Fundamental Physics from the Sky: Cosmic Rays, Gamma Rays and the Hunt for Dark Matter

TL;DR

This paper explores how astronomical and astro-particle data, especially cosmic rays and gamma rays, can provide insights into dark matter's fundamental nature, discussing recent findings and their implications for new physics.

Contribution

It analyzes recent cosmic-ray and gamma-ray observations, proposing potential links to dark matter and discussing methods to test these hypotheses against astrophysical backgrounds.

Findings

Cosmic-ray data suggest new high-energy sources in the Galaxy.

Gamma-ray observations constrain dark matter annihilation signals.
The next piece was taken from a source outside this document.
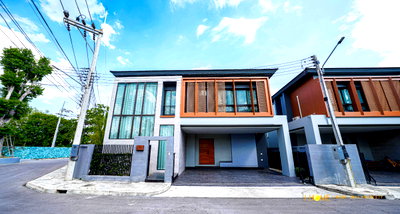 Houses for rent Chiang Mai : Pool Villa for Rent in Chiang Mai | 4 Bedrooms with Private Swimming Pool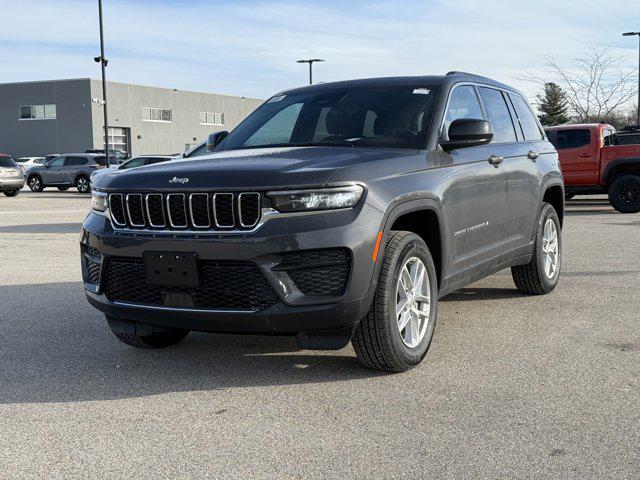 new 2025 Jeep Grand Cherokee car, priced at $41,477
Potential gamma-ray line at 130 GeV may indicate dark matter interactions.

Abstract

Can we learn about New Physics with astronomical and astro-particle data? Understanding how this is possible is key to unraveling one of the most pressing mysteries at the interface of cosmology and particle physics: the fundamental nature of dark matter. I will discuss some of the recent puzzling findings in cosmic-ray electron-positron data and in gamma-ray observations that might be related to dark matter. I will argue that recent cosmic-ray data, most notably from the Pamela and Fermi satellites, indicate that previously unaccounted-for powerful sources in the Galaxy inject high-energy electrons and positrons. Interestingly, this new source class might be related to new fundamental particle physics, and specifically to pair-annihilation or decay of galactic dark matter. This exciting scenario is directly constrained by Fermi gamma-ray observations, which also inform us on astrophysical source counterparts that could also be responsible for the high-energy electron-positron excess. Observations of gamma-ray emission from the central regions of the Galaxy as well as claims on a gamma-ray line at around 130 GeV also recently triggered a wide-spread interest: I will address the question of whether we are really observing signals from dark matter annihilation, how to test this hypothesis, and which astrophysical mechanisms constitute the relevant background.